Stored items
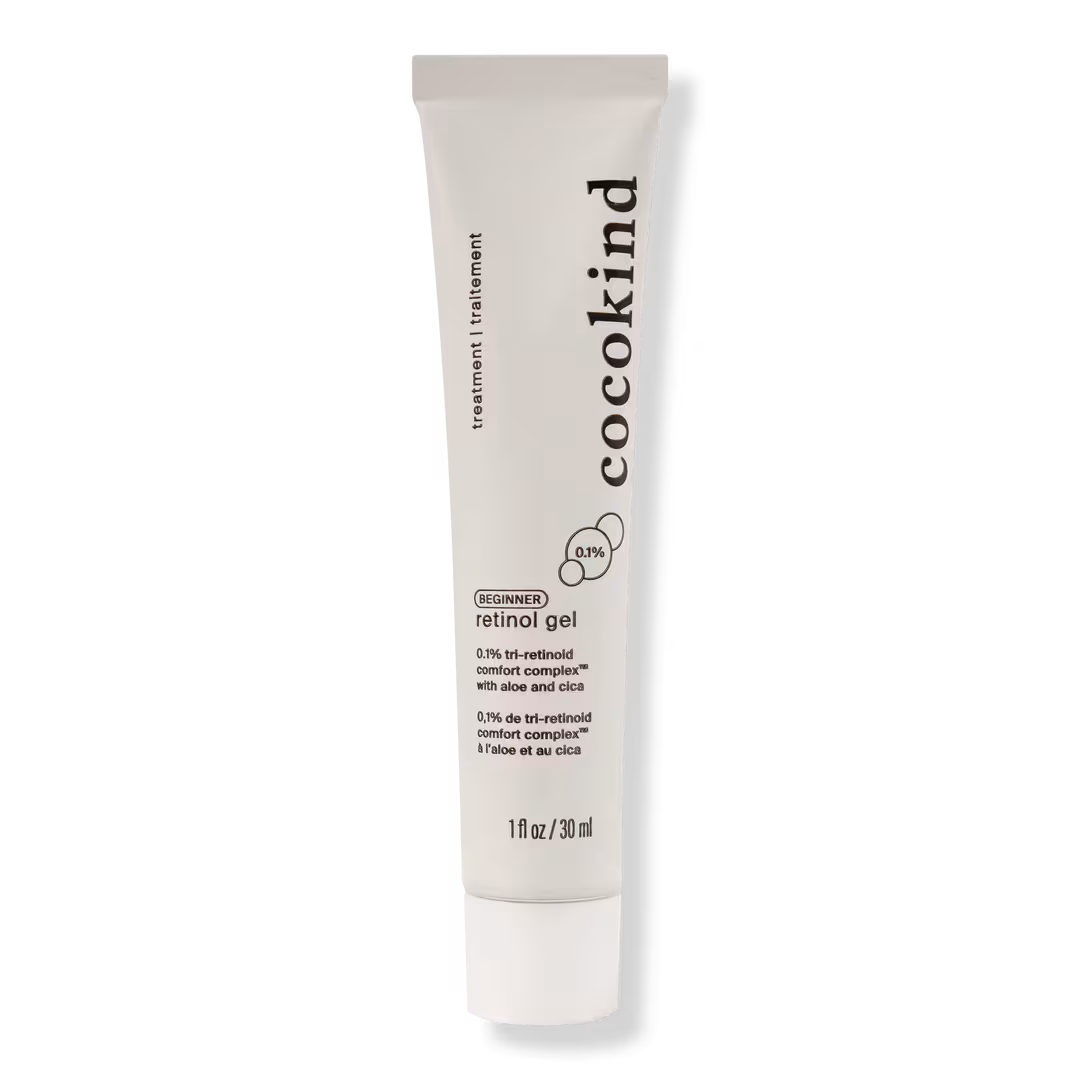 cocokind  Beginner Retinol Gel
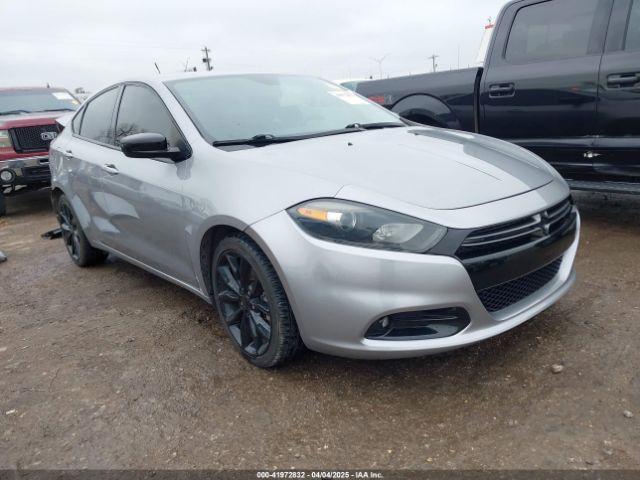  Salvage Dodge Dart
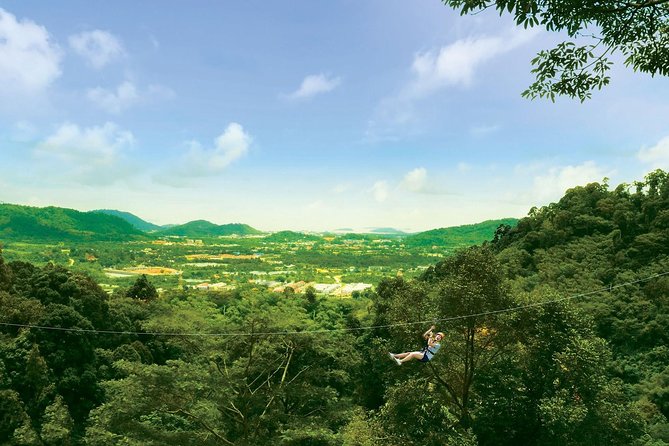 Flying Hanuman Ziplining Experience - Tips for a Memorable Ziplining Experience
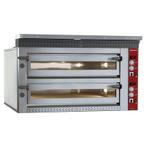 Elektrische pizza-oven, 2x 9 pizza&#39;s &#248; 350, Verzenden, Nieuw in verpakking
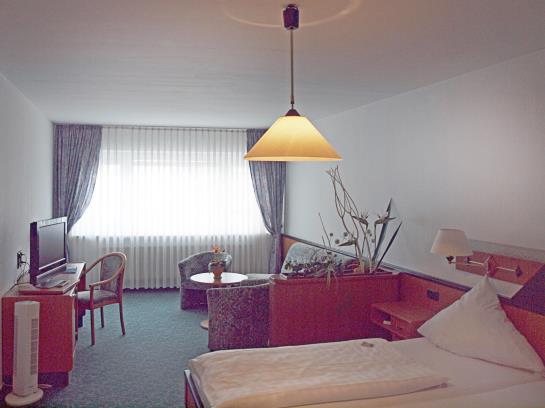 ホテル Rheinkrone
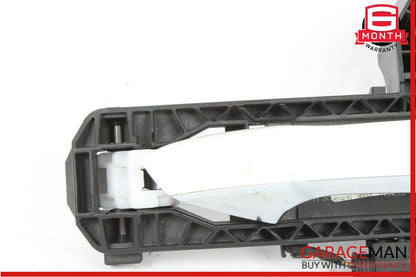 12-14 Mercedes W204 C250 C300 Right Side Keyless Go Exterior Door Handle White
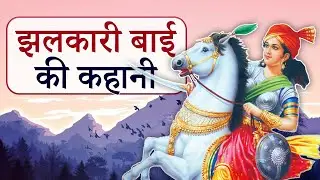 झलकारी बाई की कहानी | Jhalkari Bai Story in Hindi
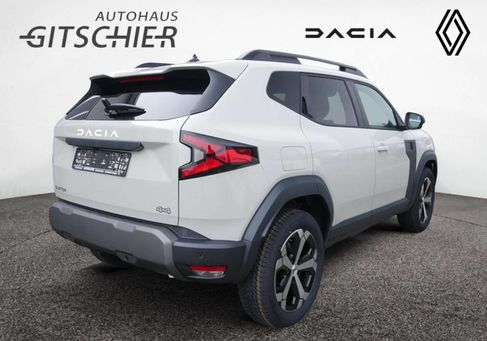 Dacia Duster, 2025 3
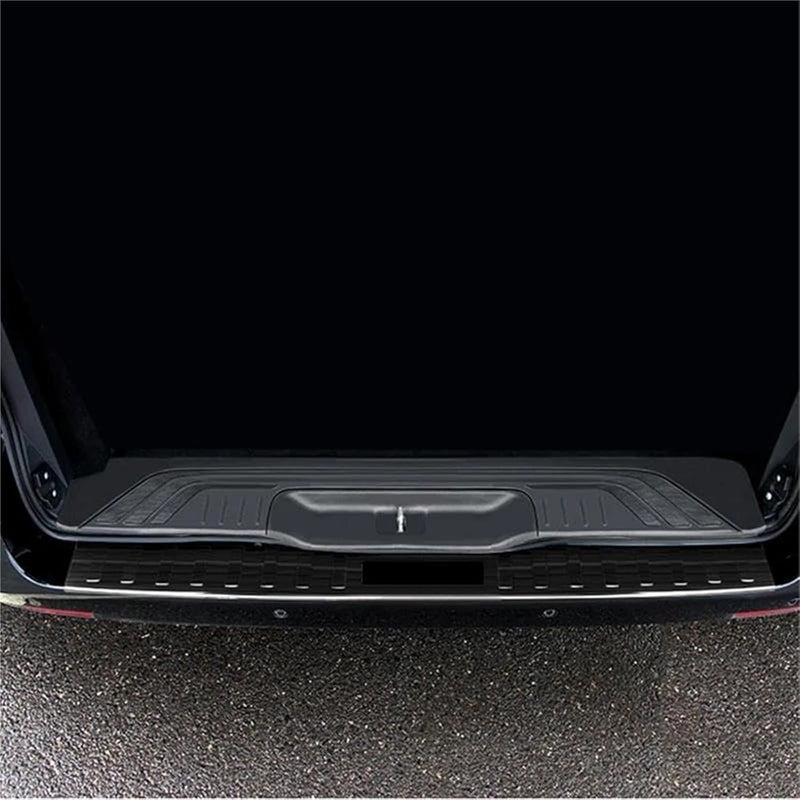 QASULER Rear Bumper Protector for Mercedes Vito V-Class - Image 2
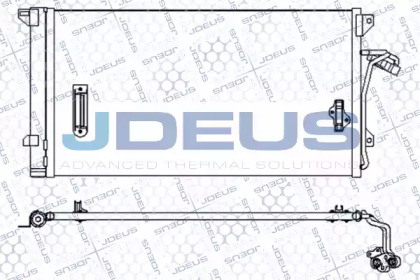 Конденсатор JDEUS 730M57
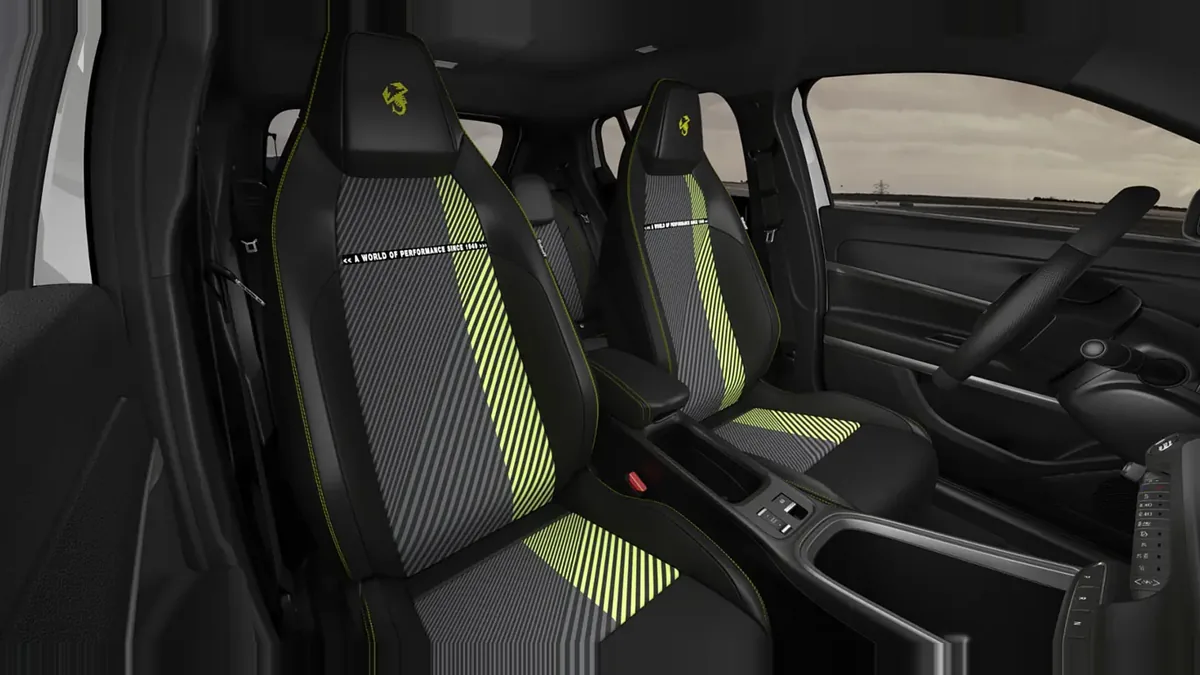 Abarth 600e Turismo en leasing — vista 6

§ **Task**
Please retype the records above exactly, but leave out any pictures.

§ **Reply to the exercise**
 cocokind  Beginner Retinol Gel
  Salvage Dodge Dart
 Flying Hanuman Ziplining Experience - Tips for a Memorable Ziplining Experience
 Elektrische pizza-oven, 2x 9 pizza&#39;s &#248; 350, Verzenden, Nieuw in verpakking
 ホテル Rheinkrone
 12-14 Mercedes W204 C250 C300 Right Side Keyless Go Exterior Door Handle White
 झलकारी बाई की कहानी | Jhalkari Bai Story in Hindi
 Dacia Duster, 2025 3
 QASULER Rear Bumper Protector for Mercedes Vito V-Class - Image 2
 Конденсатор JDEUS 730M57
 Abarth 600e Turismo en leasing — vista 6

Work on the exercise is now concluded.